→ **Task objective**: If pictures appear among the lines below, leave them out while you return exactly the lines from the one with "Шампунь для волос Redken, Amino Mint" through the one with "Hatton Court Hotel Gloucester".

→ **Records for this exercise**:
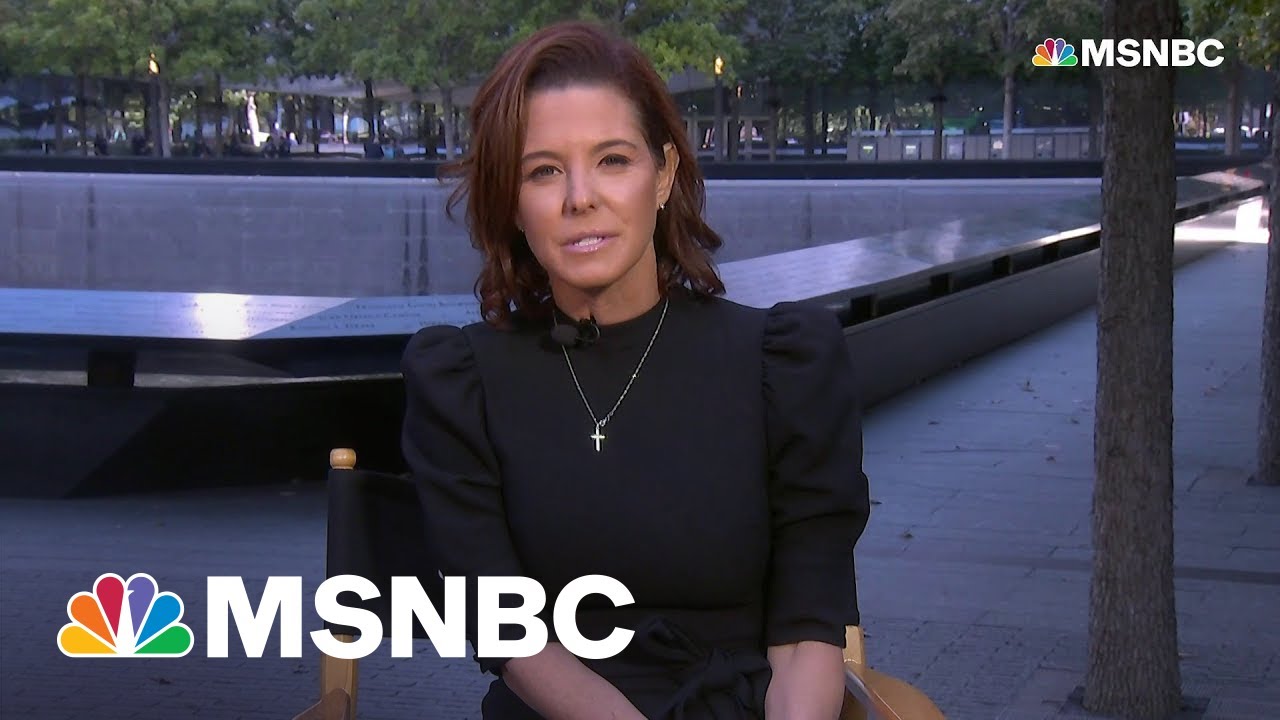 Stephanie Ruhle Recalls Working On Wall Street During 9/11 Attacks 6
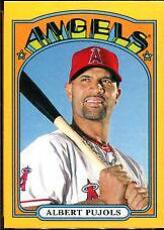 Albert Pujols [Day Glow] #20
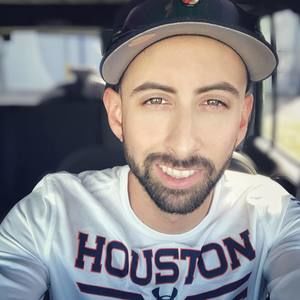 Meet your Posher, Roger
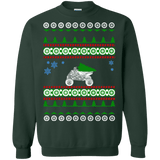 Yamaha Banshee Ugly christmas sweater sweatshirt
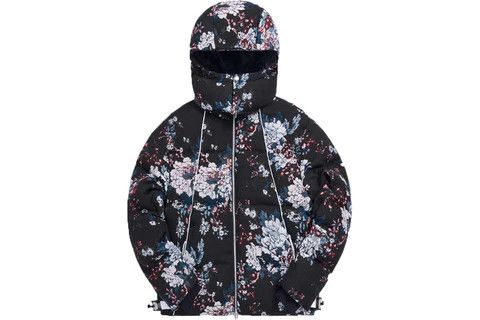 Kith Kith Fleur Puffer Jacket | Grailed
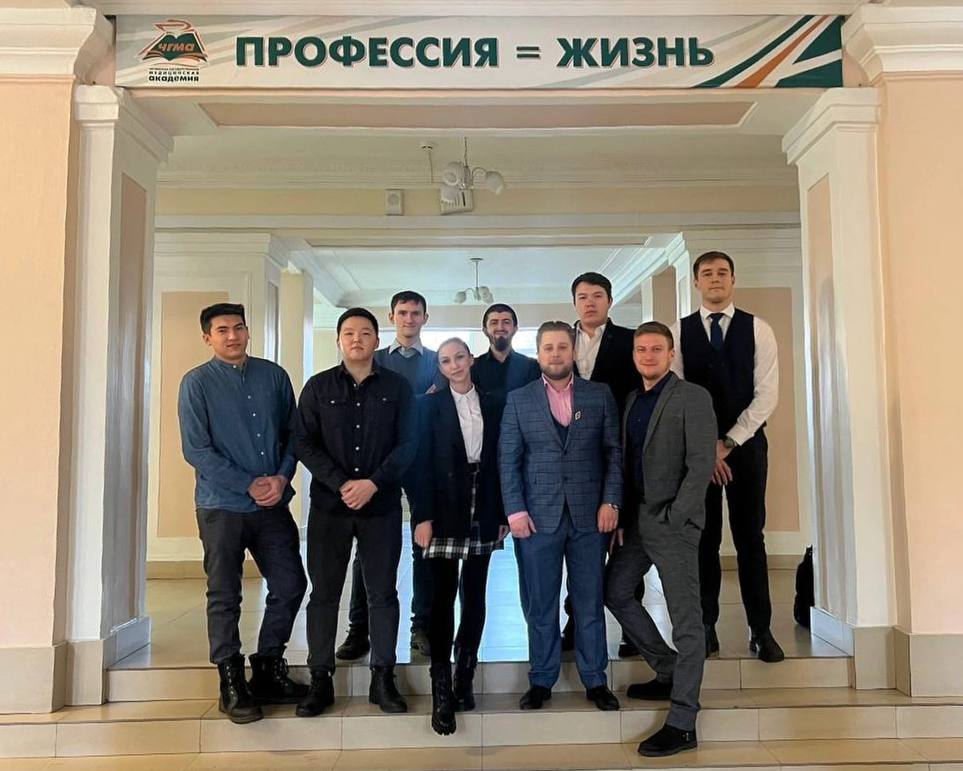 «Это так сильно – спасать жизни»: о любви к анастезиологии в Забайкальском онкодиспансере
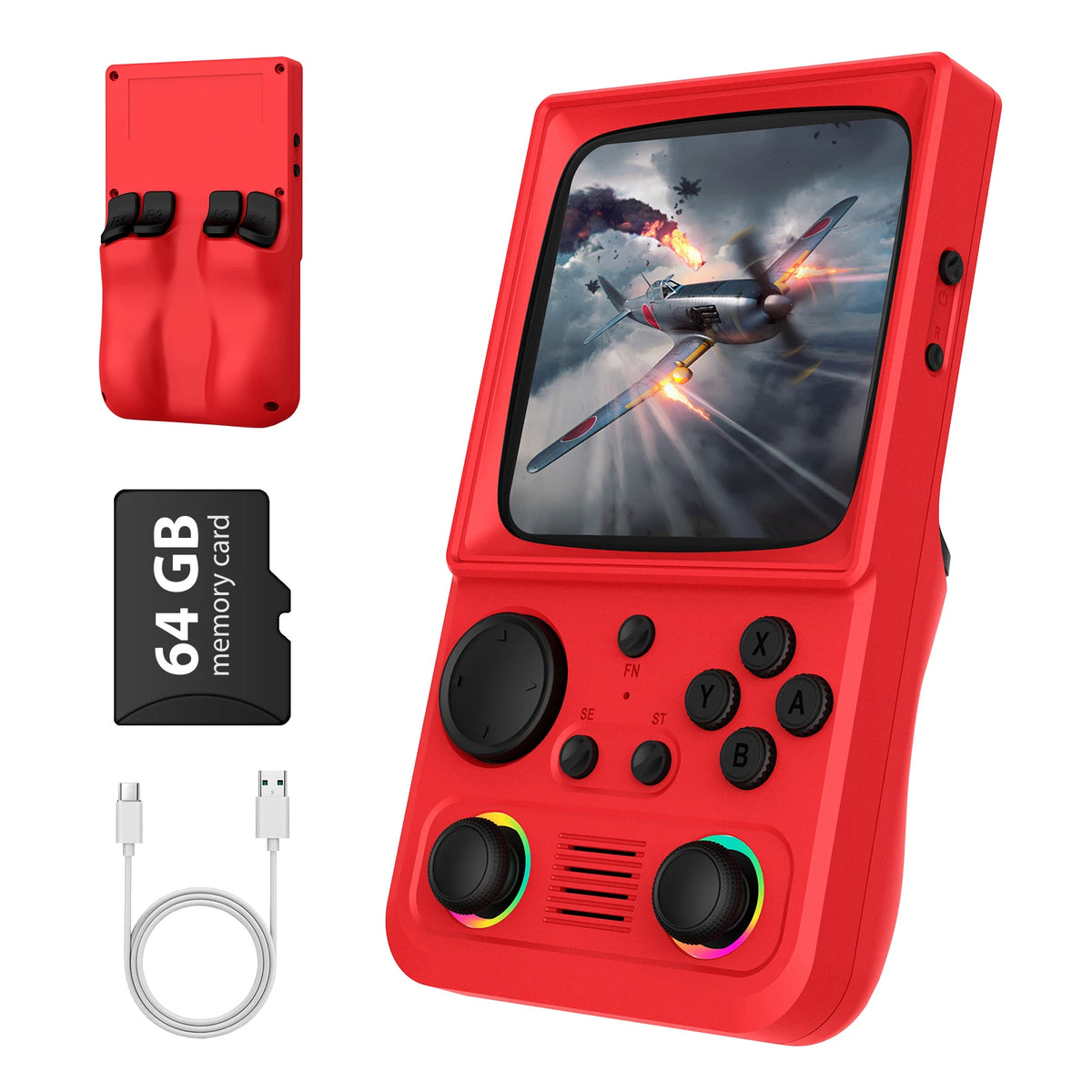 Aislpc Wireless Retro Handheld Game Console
---
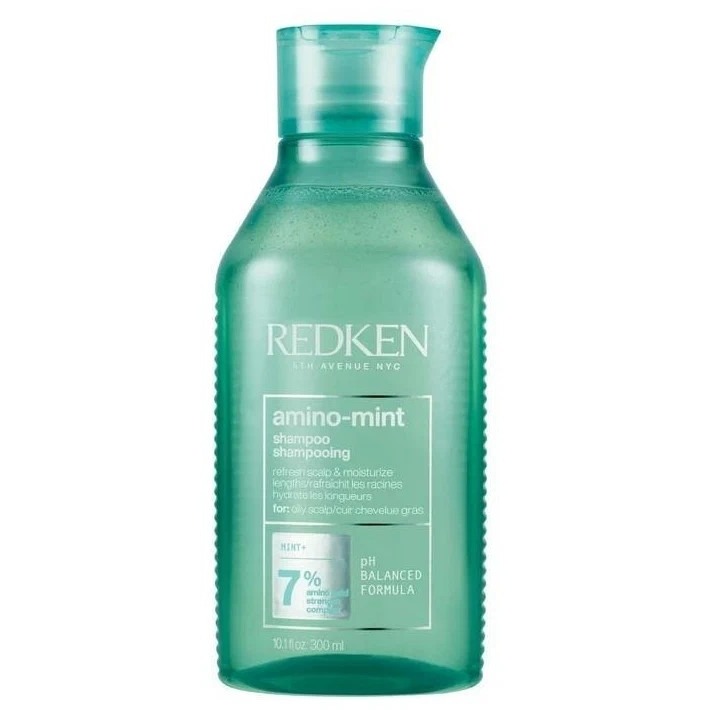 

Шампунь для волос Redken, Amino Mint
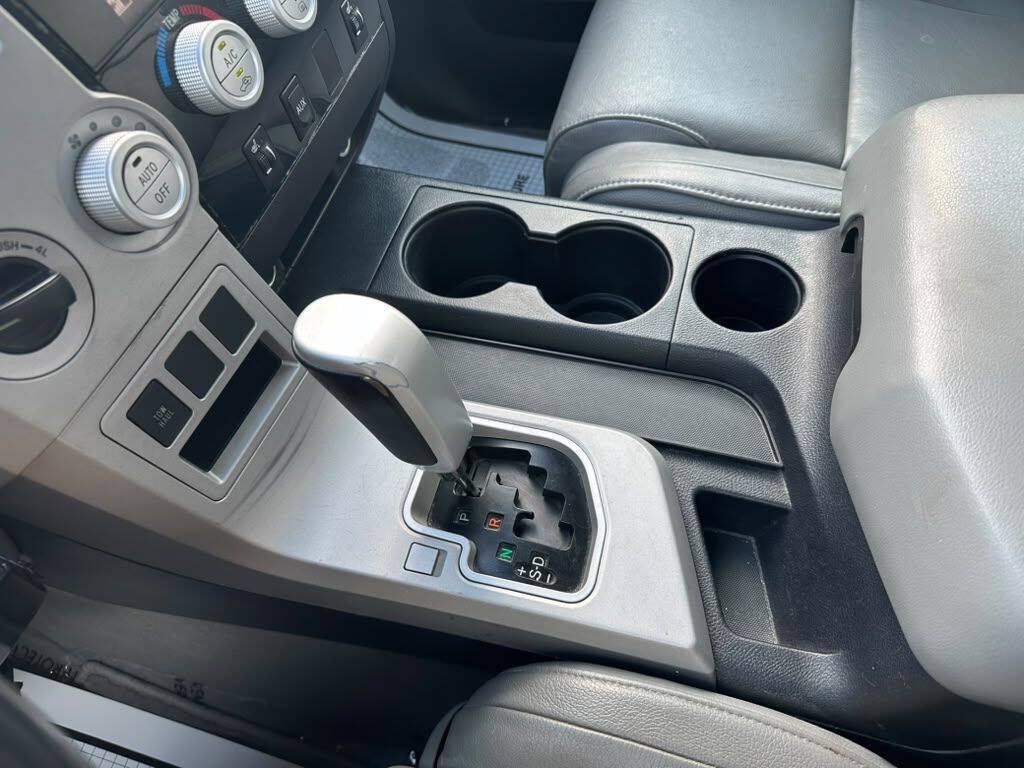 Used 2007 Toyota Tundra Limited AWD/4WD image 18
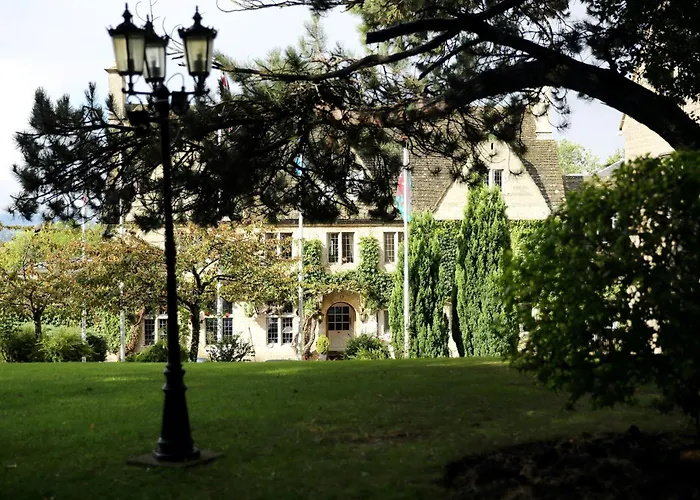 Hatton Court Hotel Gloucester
---
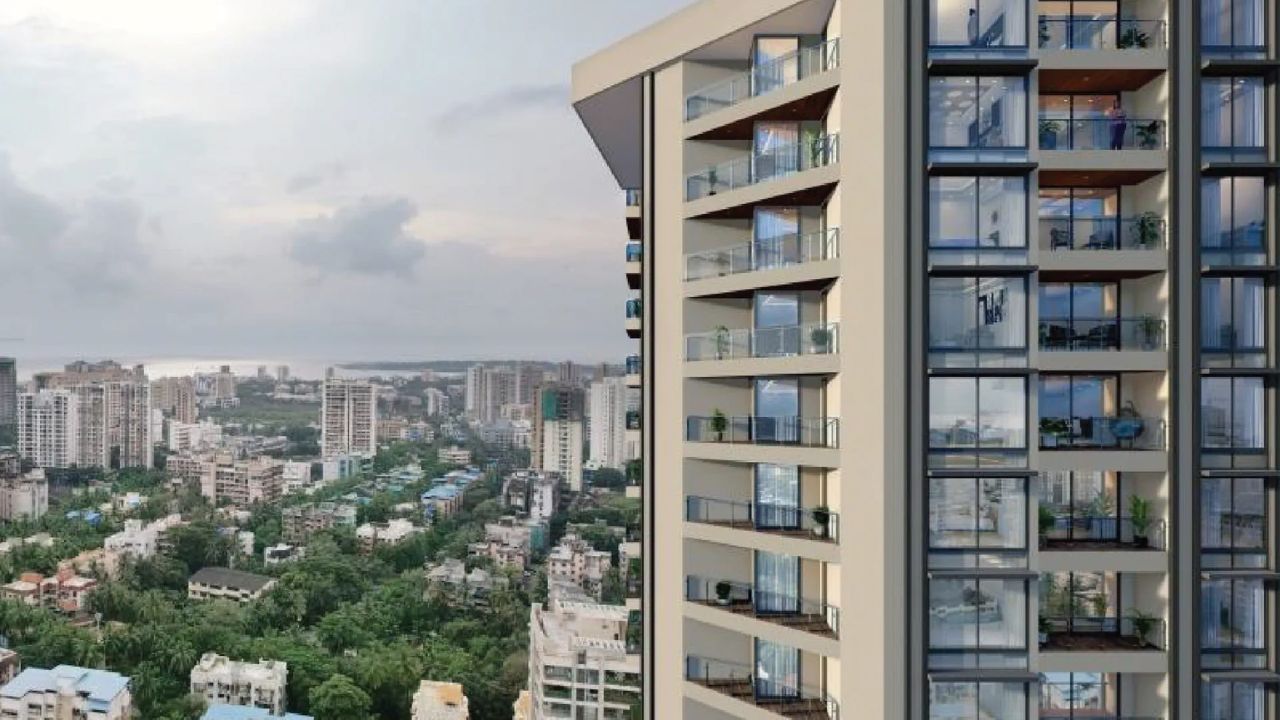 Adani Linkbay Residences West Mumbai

→ **Your response**:
Шампунь для волос Redken, Amino Mint
 Used 2007 Toyota Tundra Limited AWD/4WD image 18
 Hatton Court Hotel Gloucester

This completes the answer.